Couture shouldn’t be such a slippery subject. You can look it up in a dictionary, for one. And, in 1945 the governing body of French fashion, now known as the Fédération de la Haute Couture et de la Mode, registered a legal designation of “Haute Couture.” Still, the métier remains the Greta Garbo of the fashion system: glamorous, mysterious, and elusive.



There are times, such as now, when couture feels vital, the highest expression of new ideas. But there have been periods, such as after the infusion of energy provided by Christian Lacroix in the late 1980s, when couture seemed to be operating in an “I want to be left alone” mode. When that happens, hands are wrung until, with perfect timing, the “star” gathers her skirts, raises her chin, and makes a grand entrance once again-always in a new guise. She’s taken on a new role this season.

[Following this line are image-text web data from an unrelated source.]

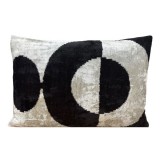 VELVET IKAT PILLOW COVER BLACK SILVER Q9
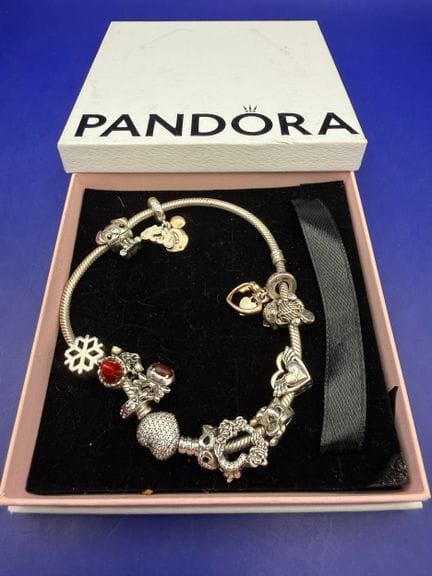 Bracelet à breloques Pandora en argent sterling 92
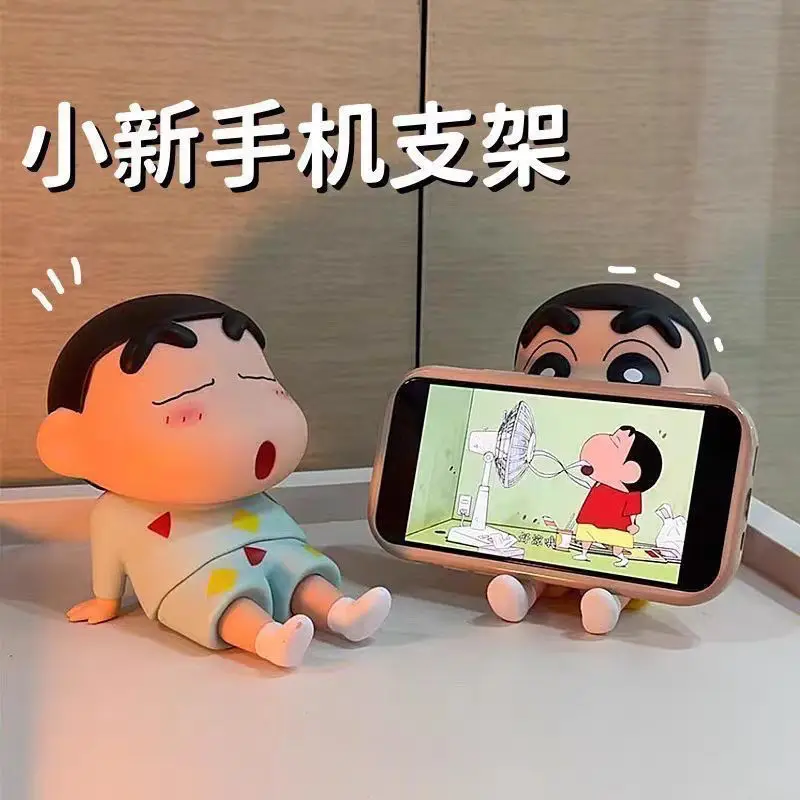 Soporte para teléfono Crayon Shin-Chan, adornos de escritorio de Anime Kawaii, soporte para teléfono con dibujos animados para ver Tv, decoraciones bonitas para muñecas, juguete para regalo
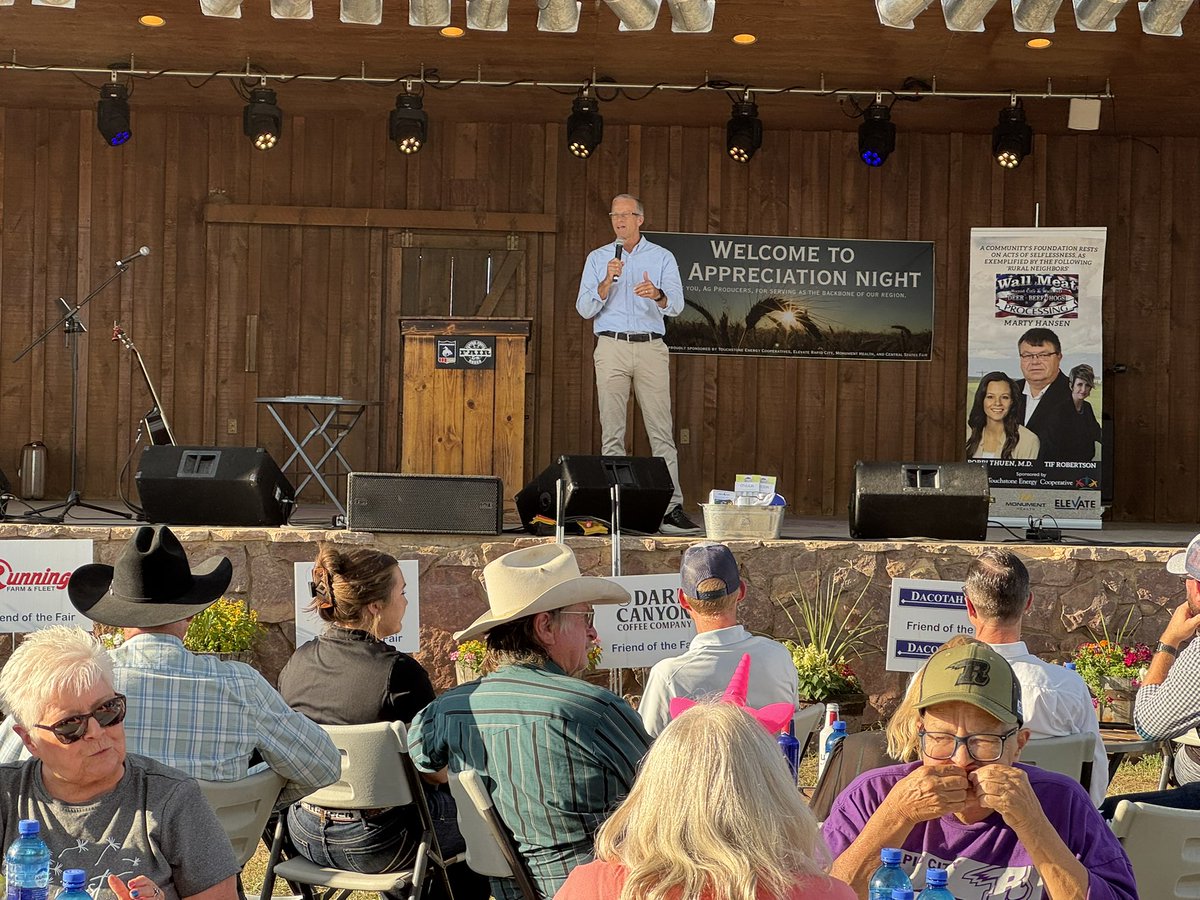 LeaderJohnThune's tweet image. Enjoyed being at the Central States Fair and helping out at the Ag Appreciation Dinner to thank our farmers and ranchers for all their hard work.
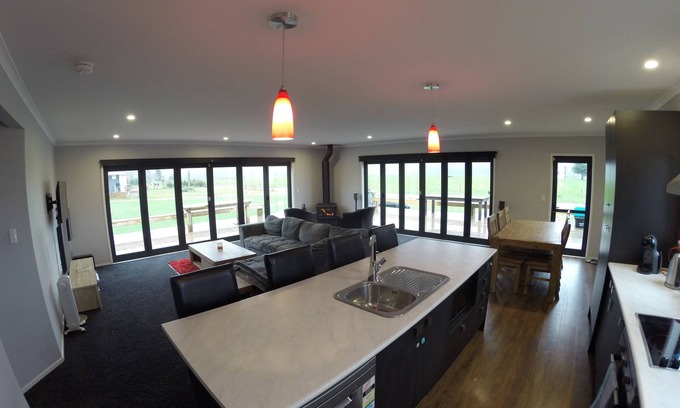 Atiamuri House | Lake Atiamuri 800m from boat ramp, wakeboard, bike the Waikato trail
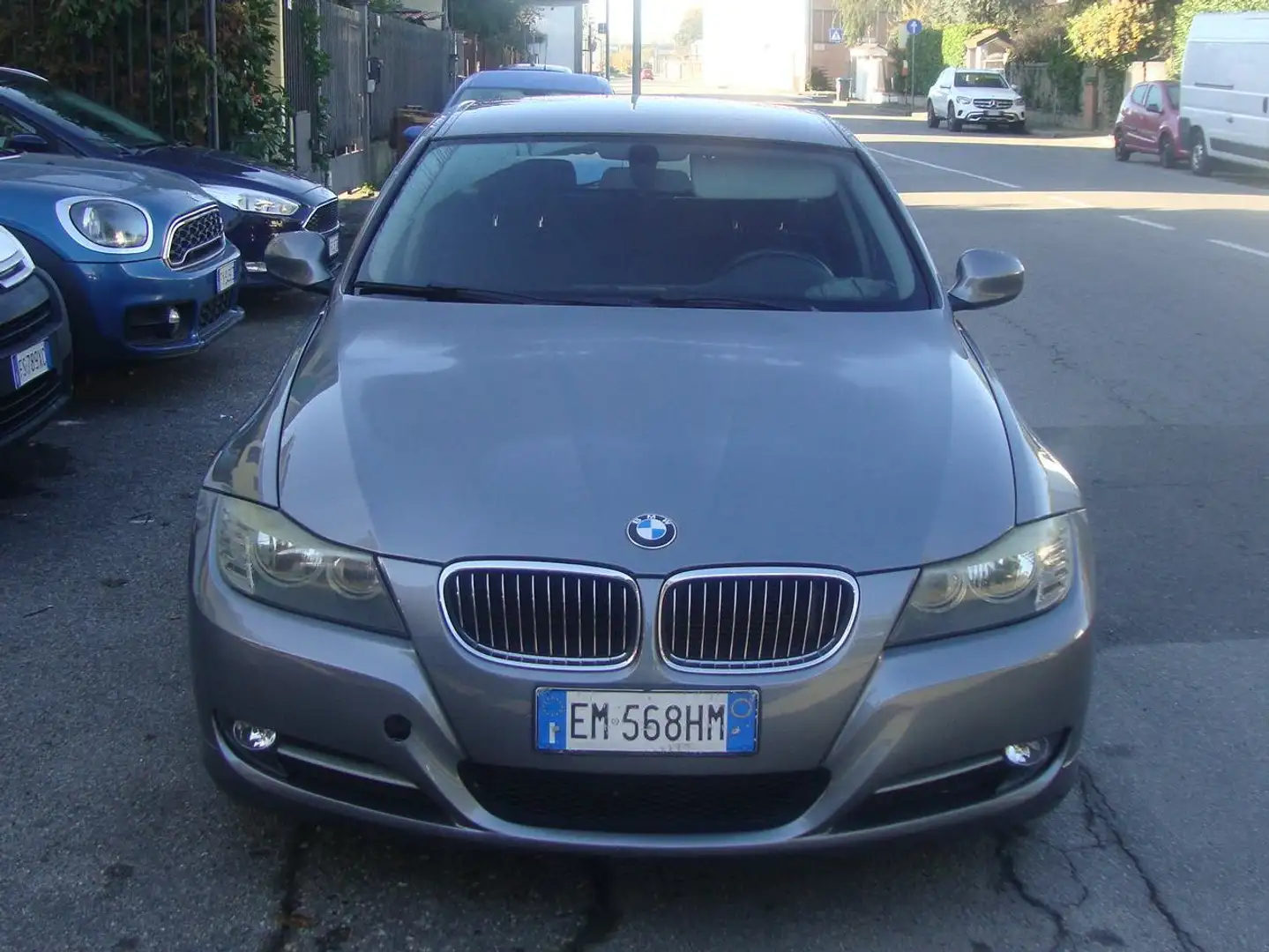 BMW 318 d Touring auto Grau - 1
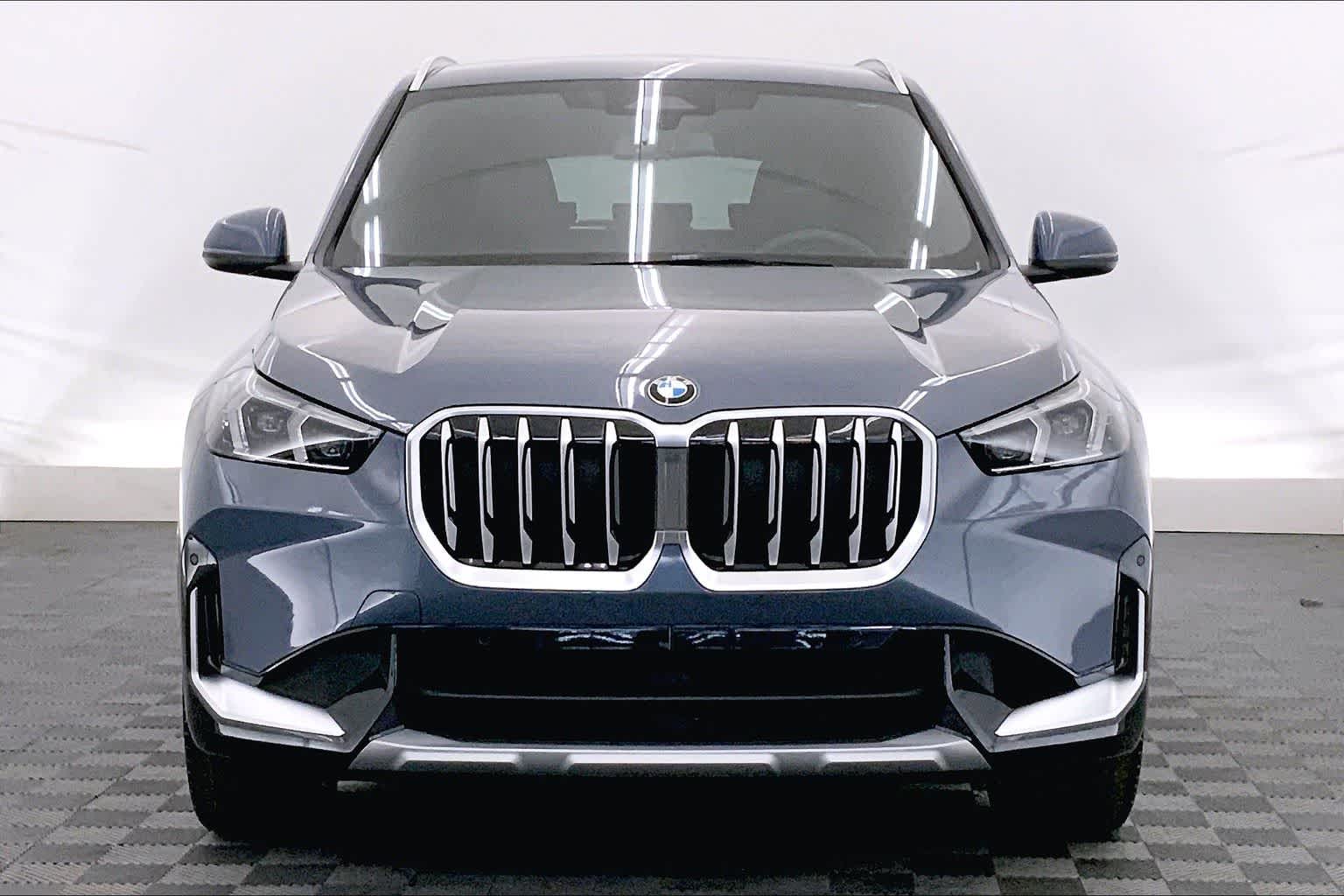 Thumbnail: 2025 BMW X1 - 6
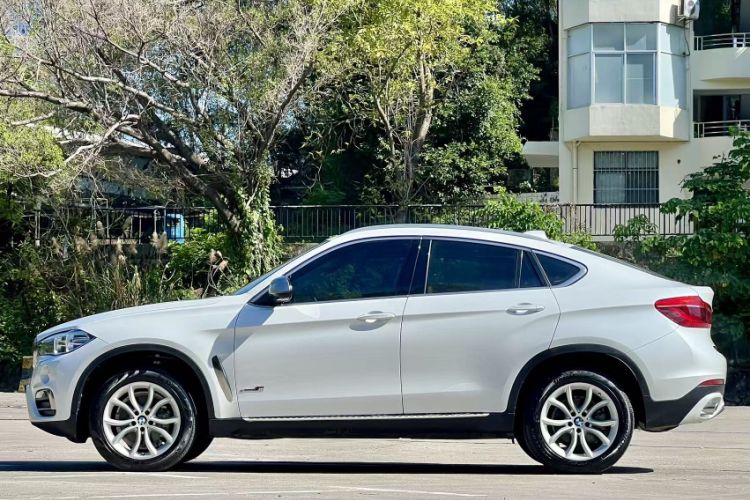 Used BMW X6 2018 xDrive28i Exterior 4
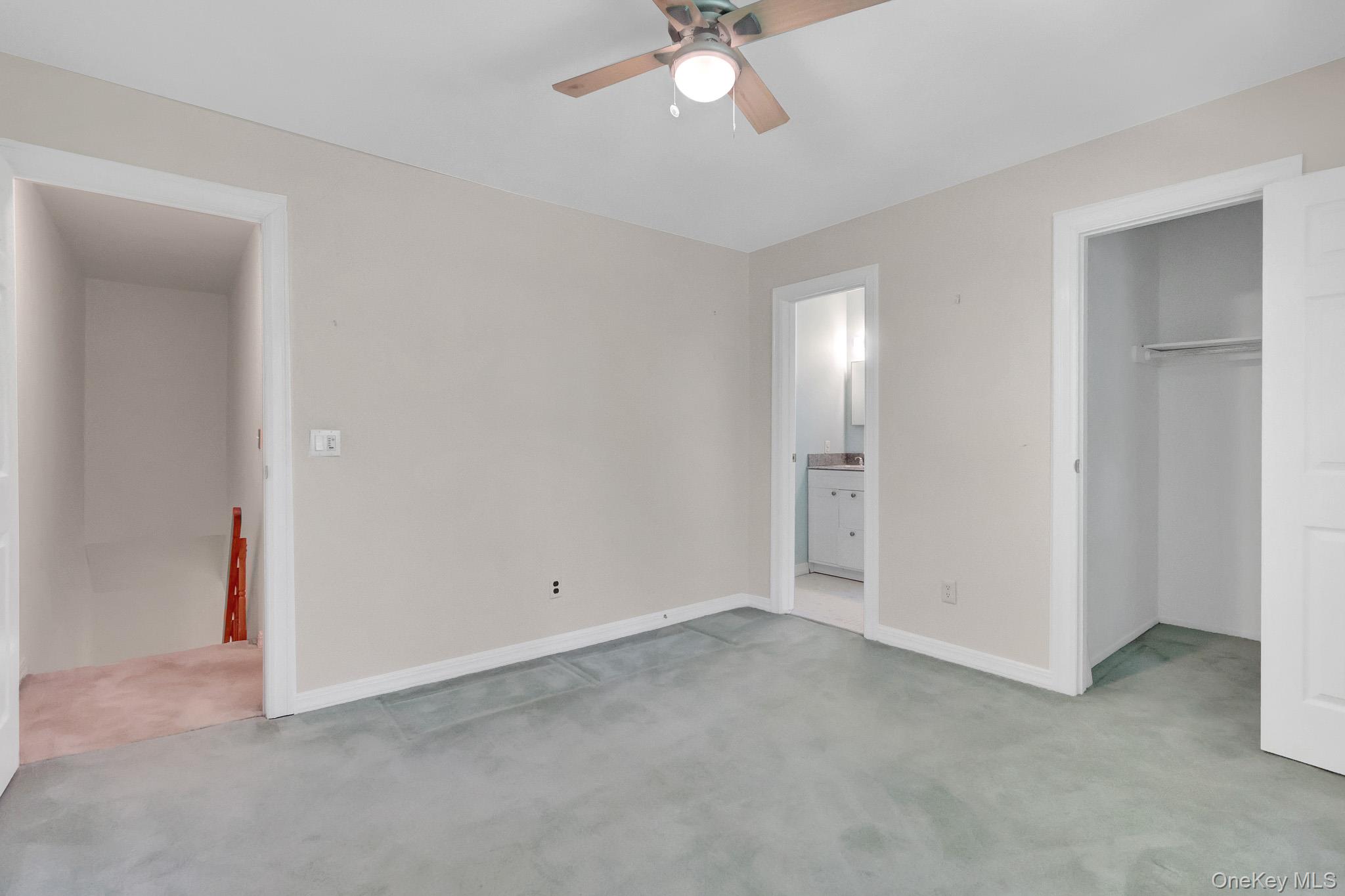 32 Huntington Commons Yaphank, NY 11980 - Photo 15 of 21 Gallery Image 15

When we talk about couture, we are really talking about shape-shifting. It’s not only that silhouettes change, but we periodically reconfigure the meaning we assign to couture as well. And often this is related to changes in the ways we look at women’s bodies and roles in society. At around the same time that Coco Chanel introduced the streamlined, cylindrical, and somewhat androgynous silhouette, American women had gained suffrage and the Model T was being mass-produced. Society, and women, were on the move. The postwar yearning for a “return to normalcy” saw a retrograde take on gender (see Revolutionary Road), supported by the heavily architected New Look by Christian Dior. You get the idea.

We didn’t get a single new silhouette for fall 2021, but we did get a reshaping of couture on material and conceptual levels-along with four debuts.

There was young Andrea Brocca, the Sri Lankan–Italian designer, who explored the golden mean, and the experienced Pieter Mulier, who stepped out at Azzedine Alaïa with a collection that included retakes of specific archival pieces (like perforated leather corset belts) but also captured some of the spirit of the late designer’s body-con dressing. This, at a time that “sexy” dressing is being reimagined apart from the male gaze.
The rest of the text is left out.